Further adventures of Alec Checkerland, young artisto of the near future, who is sowing his wild oats, as the youth of the time are evidently wont. I have to own up to pulling out early, partly as the story was reading fairly young adult/juvenile in tone and the AI with a piratical bent (down to the use of the word ‘lubbers’) grated. Also, it felt like a story written in the 1950s, which was looking forward to youthful behaviour, a behaviour which we have long exceeded in the meantime. But doubtless essential reading for those (not I as a rule) who enjoy Baker’s The Company series, of which this is part. My beef with The Company stories is that they feel to ‘easy’ – dumping well established characters in historic settings – and just doesn’t stretch the reader or the writer. Baker could write The Company stories till the cows come home, without really contributing a whole lot to the SF pantheon.
But I’m in the minority, as it appears a lot of people do like The Company stories. (Mind you, lots of people read Star Trek stories….)
James Van Pelt. The Ice Cream Man.
A follow up to ‘Last of the O Forms’ (Asimovs Sept 2002) in which a mutagen is causing gross defects and bizarre mutations in humans and animals. Some twenty years in, with no human babies born in that time, humanity is eking out a living, either in farms in the country, or barricaded into urban settlements.
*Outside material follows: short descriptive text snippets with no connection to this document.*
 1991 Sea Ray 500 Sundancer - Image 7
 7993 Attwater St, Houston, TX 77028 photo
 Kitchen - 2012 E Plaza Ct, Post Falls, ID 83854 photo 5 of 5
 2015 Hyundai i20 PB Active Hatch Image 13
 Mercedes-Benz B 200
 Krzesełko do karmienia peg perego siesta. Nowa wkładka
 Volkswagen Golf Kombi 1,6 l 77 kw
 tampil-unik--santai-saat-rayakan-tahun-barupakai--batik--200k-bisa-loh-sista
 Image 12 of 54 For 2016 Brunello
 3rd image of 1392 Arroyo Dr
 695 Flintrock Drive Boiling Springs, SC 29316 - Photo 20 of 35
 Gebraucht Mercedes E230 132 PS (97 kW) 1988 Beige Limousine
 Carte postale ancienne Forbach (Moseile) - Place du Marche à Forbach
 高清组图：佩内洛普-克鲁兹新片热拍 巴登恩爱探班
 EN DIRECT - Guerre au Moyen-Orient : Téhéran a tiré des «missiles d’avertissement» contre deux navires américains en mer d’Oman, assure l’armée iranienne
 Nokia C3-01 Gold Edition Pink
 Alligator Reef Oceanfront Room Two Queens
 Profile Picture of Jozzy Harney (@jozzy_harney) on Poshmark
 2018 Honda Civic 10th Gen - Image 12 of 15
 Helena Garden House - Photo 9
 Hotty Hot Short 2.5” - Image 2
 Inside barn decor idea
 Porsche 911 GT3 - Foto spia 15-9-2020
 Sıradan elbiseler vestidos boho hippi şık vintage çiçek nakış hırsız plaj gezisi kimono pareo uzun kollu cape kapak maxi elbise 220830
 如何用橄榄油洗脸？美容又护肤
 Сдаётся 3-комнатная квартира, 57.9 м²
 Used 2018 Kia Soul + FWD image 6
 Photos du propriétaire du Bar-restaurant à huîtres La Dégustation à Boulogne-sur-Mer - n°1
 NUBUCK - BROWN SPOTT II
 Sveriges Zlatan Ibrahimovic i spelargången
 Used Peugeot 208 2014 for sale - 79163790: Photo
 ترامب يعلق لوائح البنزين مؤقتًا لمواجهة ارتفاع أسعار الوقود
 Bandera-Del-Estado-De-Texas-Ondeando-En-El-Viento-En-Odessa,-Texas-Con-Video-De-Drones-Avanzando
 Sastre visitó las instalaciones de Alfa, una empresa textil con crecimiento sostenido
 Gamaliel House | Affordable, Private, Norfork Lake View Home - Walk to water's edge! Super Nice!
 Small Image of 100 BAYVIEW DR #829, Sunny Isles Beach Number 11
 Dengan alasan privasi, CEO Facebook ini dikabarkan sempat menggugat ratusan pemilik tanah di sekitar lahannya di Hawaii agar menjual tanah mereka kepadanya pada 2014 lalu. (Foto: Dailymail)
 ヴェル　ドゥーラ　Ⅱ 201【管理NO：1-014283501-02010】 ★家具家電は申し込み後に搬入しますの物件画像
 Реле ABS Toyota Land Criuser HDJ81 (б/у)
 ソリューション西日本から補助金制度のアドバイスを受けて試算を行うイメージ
The mutant animals take many shapes and sizes, but they are breeding, and have some human characteristics, and may be the future of the human race.
Keegan is using his ice-cream van to trade between the two, garnering ammo from the mutants in exchange for the cream they supply to make his produce. He has a cleft palate, and feels compassion for the mutants, although this is not shared by his fellow humans, and he is left with a choice to make as to where his future lies.
Jay Lake. Martyr’s Carnival.
On the arid planet of Salton, a group of Christians are outside the city walls, erecting three crosses, re-enacting the Crucifixion. The local police object to this annual event taking place outside the city, but the Christians refuse to heed the command to return to the city, and deciding to spend the three days out in the open, which will result in certain death. The obstinacy of both parties lead to an impasse.
The story feels a little underdone – almost like the opening of a longer piece. As it stands it instantly sets up the conflict, has arguments on both side revealed, and then finishes.
Ruth Nestvold. Rainmakers.
Ambassador Rekaya arrives on Chepanek, charged with resolving a dispute between the indigenes and humans (for me, any stories which feature someone landing on planet to solve a sticky problem, or feature linguists landing on planet to solve a sticky problem, tend to make my heart sink).
As is the case in such stories, things prove tricky, in this case as Rekaya has evidently been set up to fail, her sexual proclivities flying in the face of local beliefs. Normally, in such circumstances, the Ambassador cleverly resolves the issue at hand, although here it transpires that she has abilities as a Rainmaker which enable her, through ‘psychotronic energy’ to speak to the planet.
At novel length you could make a subtle study of gender, politics, sexuality and a whole lot more, but in a fairly short story these topics are in your face from the start and quickly progressed, and, in this case, brought to a fairly arbitrary end. The issue of Rekaya’s sexuality isn’t really as big an element in the plot as it would need to be, for one thing, and ‘There was only one thing that the Foreign Worlds Service had not reckoned with—that Rekaya would prove to be a Rainmaker’ is w-a-y too cheesy for me.
Conclusion
McDonald and Kelly start the issue strongly, the Baker story felt a bit Harry Potterish, and the final three were OK but missing that something special.